Looks so much better on the trailer than it did. I have some bow eye geometry issues to correct now though.










Still have plenty of clearance to tow with the motor straight down and halfway up on the jack plate.


----------



## devrep (Feb 22, 2009)

Sublime said:


> I lowered the rear of the trailer bunks 3 inches and left the front alone. I can retrieve it now without submerging the hubs. I can probably launch it now with just getting the tires wet.
> 
> I have a wider roller coming in today. That should ensure the setup is almost ding proof if the wind or current gets me out of line when loading.
> 
> ...


really nice!


----------



## makin moves (Mar 20, 2010)

You did a great job with the whole set up. Congrats, it's a sick sled!


----------



## g8rfly (Oct 9, 2011)

Beautiful skiff, and nice job with the trailer- looks like it's set up perfect.


----------



## crboggs (Mar 30, 2015)

Nice looking rig!

I constantly debate selling my flats boat to pick up a tiller like this...


----------



## No Bait / Lures Only (Apr 10, 2011)

Very Nice, keep us posted with the performance numbers. What weight did the finished hull come in at?


----------



## permitchaser (Aug 26, 2013)

Sorry about your Dad. Prayers on the way


----------



## Sublime (Oct 9, 2015)

Ran her some more Saturday.


























Don't pay attention to the blue tape around the coffin box lid. I'm moving the hinges and needed something to temporarily keep the lid in place.


----------



## Sublime (Oct 9, 2015)

Long time since I posted anything. At this point I consider the skiff is as finished as much as a skiff can ever truly be finished. I'm sure I'll do some more tweaking here and there.

Anyway, I'm totally happy so far. It poles really, really good even compared to my old Beavertail B2 tiller. The B2 wouldn't spin very well and the stern was more prone to being blown by a cross wind. The Glades X poles with ease, and is very quiet.

Now on to some subjective topics:

Poling draft - Okay, keep in mind that my boat has a tunnel and an ample one at that. I have a short shaft etec 30 weighing in at 150 pounds mounted on an Atlas Micro Jacker, that is around 27 pounds. So let's just say I have 175 pounds hanging off the back. Now get myself on the platform at 6'-5" and 230 pounds and we have over 400 pounds on the back not including the platform. I need to put some tape on the back, pole the boat with a buddy on the front with a GoPro back there, but I'm going to unofficially say it is between 6 and 7 inches. This is plenty good enough for what I am doing 90% of the time.

Speed - I have a couple of props

Powertech 3 blade 11 pitch with mongo cup from Crossroads Propeller. He will tell everyone that he builds a prop for one purpose and one purpose only and that is to jump up and run skinny. I need to put this prop back on and run it some more. I was seeing 26 - 27 mph with me and another guy and five gallons of gas.
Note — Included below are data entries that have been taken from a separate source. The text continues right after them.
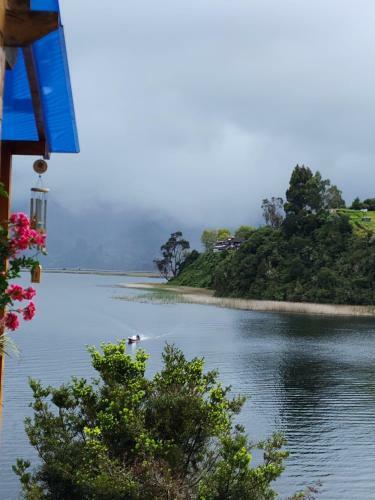 Caba�as Arco�ris Del Lago N� 5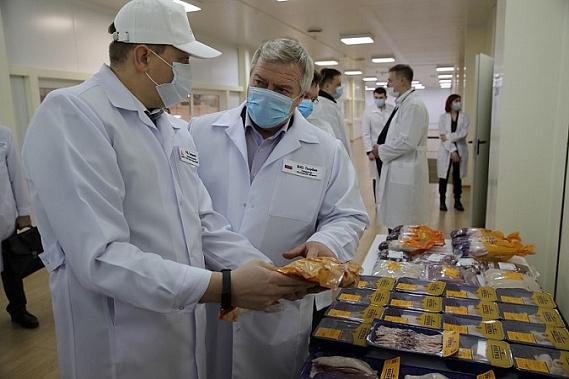 В. Голубев на мясокомбинате 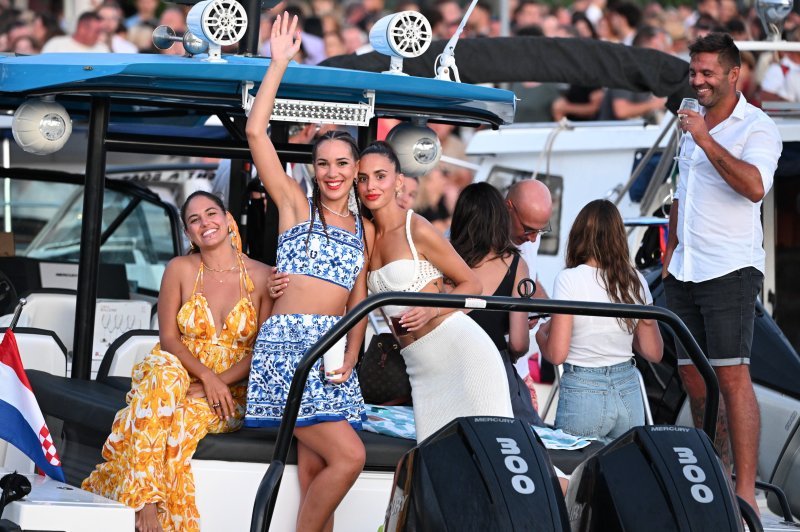 Vela Luka uoči početka koncerta 'Trag u beskraju'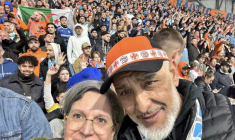 Sandrine Rousseau au milieu des South Winners pour OM-Sainté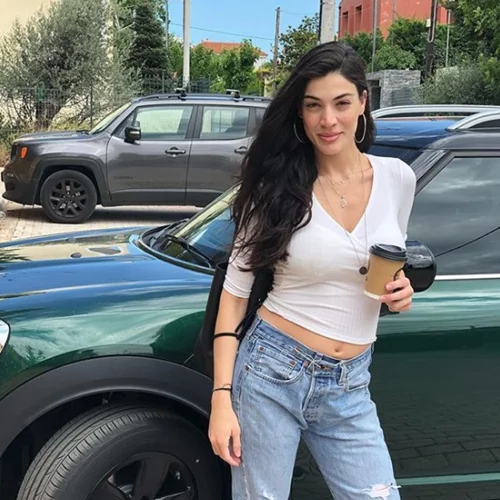 Ήβη Αδάμου | Μας δείχνει για πρώτη φορά την κόρη της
Powertech 4 blade 13 pitch stock - This prop runs a little faster. I've seen 28 - 29 mph with this one, but I don't think it will run as high in the water column as the three blade will. I'm hitting 5900 rpm with this prop so I might put a little more cup in it.

Hole shot - honestly, I haven't really worked on this a lot, so I can't really give a review at this point. It's not that critical to me. I pole out to deeper water or find a pot hole for the most part.
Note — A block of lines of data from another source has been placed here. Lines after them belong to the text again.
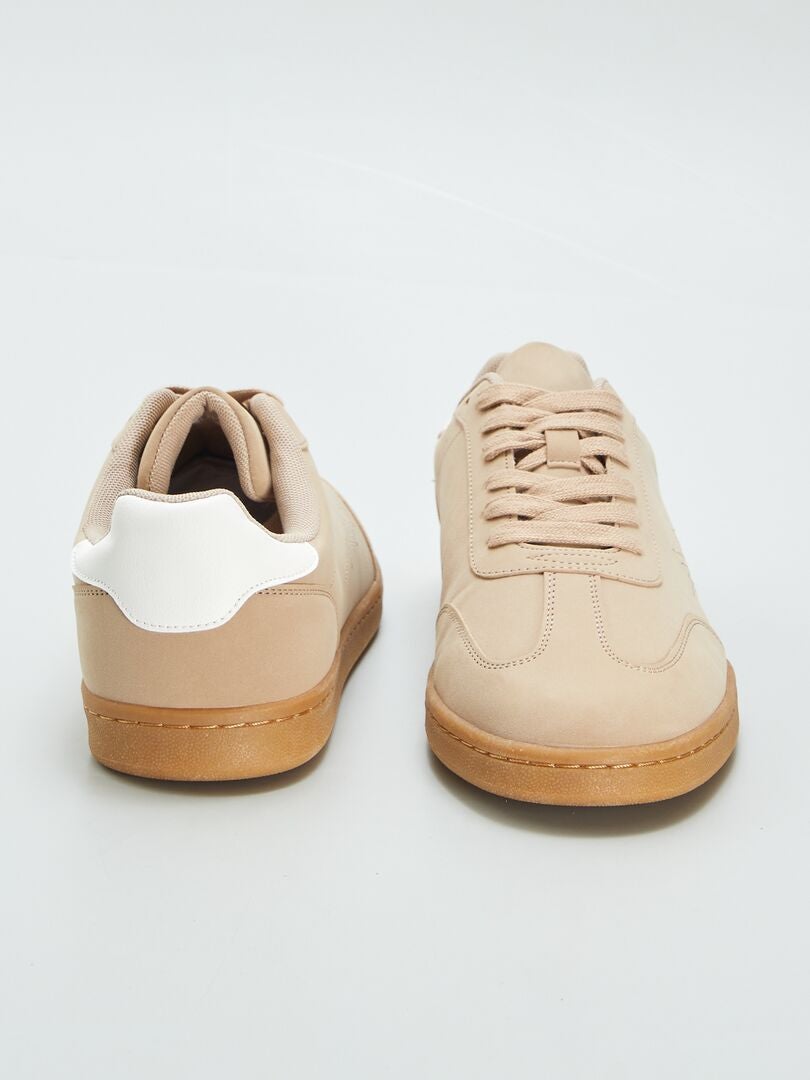 ZAPATILLAS DEPORTIVAS BAJAS  BEIGE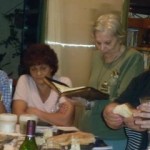 Mujeres+celebrando+la+eucarist
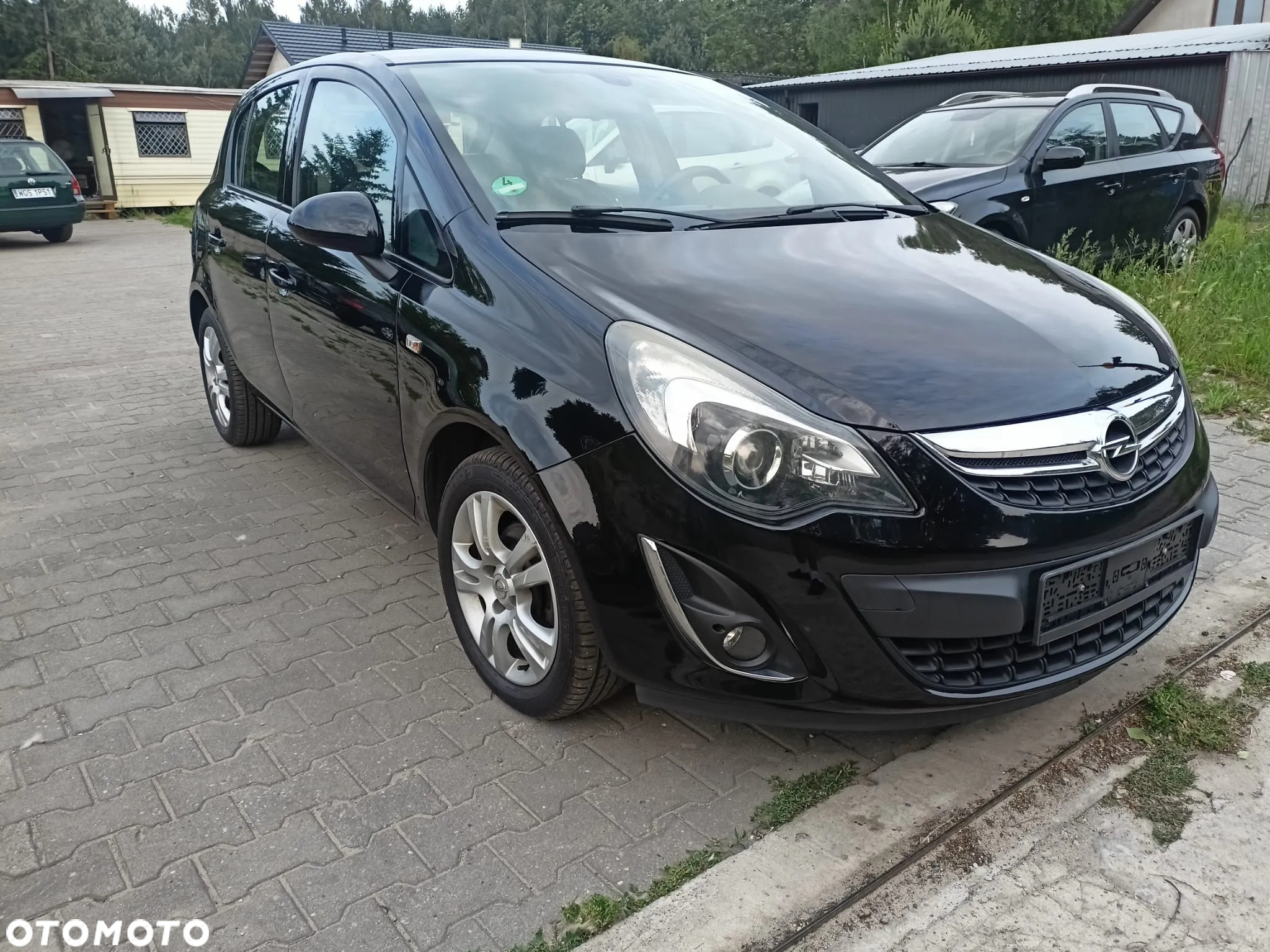 Opel Corsa 1.4 16V Cosmo - 12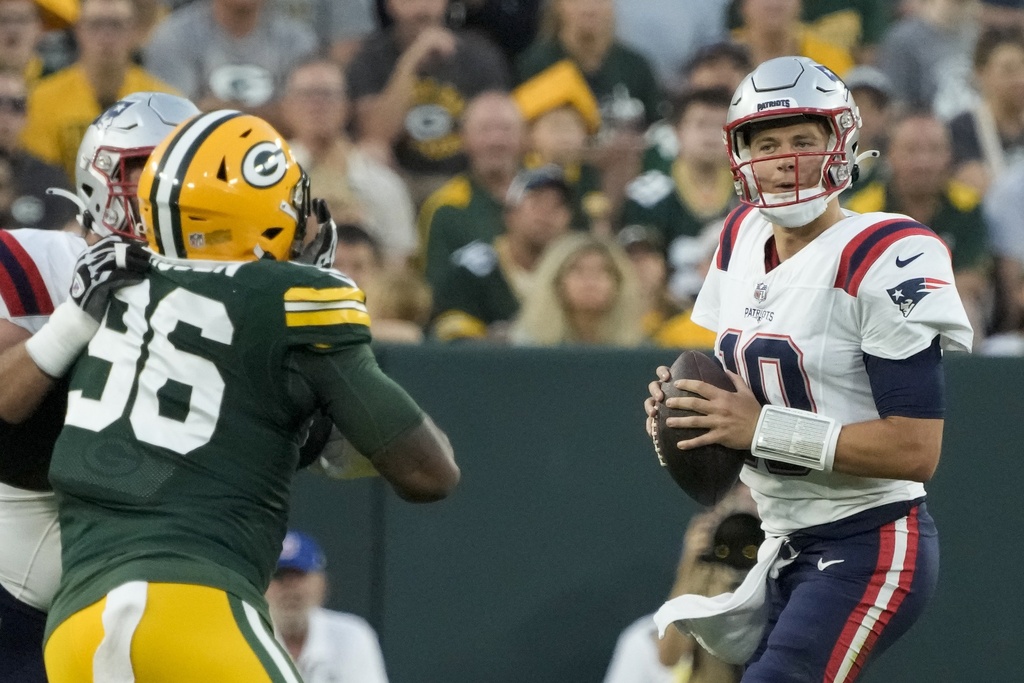 Reacting to Patriots QB Mac Jones Performance vs Packers in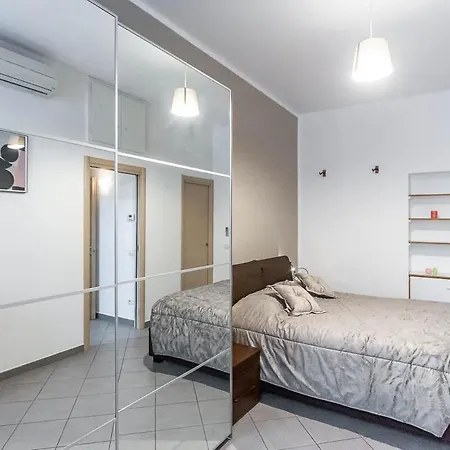 Navigli-centro Modern Flat Balcony Check-in H24 Apartment Milan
So that's it. Thanks for reading and remember your results may vary.


----------



## jddurango (Jul 7, 2015)

Thanks for the update. I love that skiff!


----------



## hooknreds (Feb 17, 2016)

Looks like you have her pretty dialed in. Great looking skiff!


----------



## Backwater (Dec 14, 2014)

Sublime said:


> Looks so much better on the trailer than it did. I have some bow eye geometry issues to correct now though.
> 
> 
> 
> ...


Freakin *hot* setup!


----------



## Backwater (Dec 14, 2014)

Sublime, whatchu doin with that bad boy? We need to see some fish on that deck!


----------



## permitchaser (Aug 26, 2013)

Sublime said:


> I lowered the rear of the trailer bunks 3 inches and left the front alone. I can retrieve it now without submerging the hubs. I can probably launch it now with just getting the tires wet.
> 
> I have a wider roller coming in today. That should ensure the setup is almost ding proof if the wind or current gets me out of line when loading.
> 
> ...


My big fat boat has a 140 on it that I could trailer it jacked up but I chose to use a transom saver to keep the weight off the JP IMHO


----------



## Sublime (Oct 9, 2015)

Backwater said:


> Sublime, whatchu doin with that bad boy? We need to see some fish on that deck!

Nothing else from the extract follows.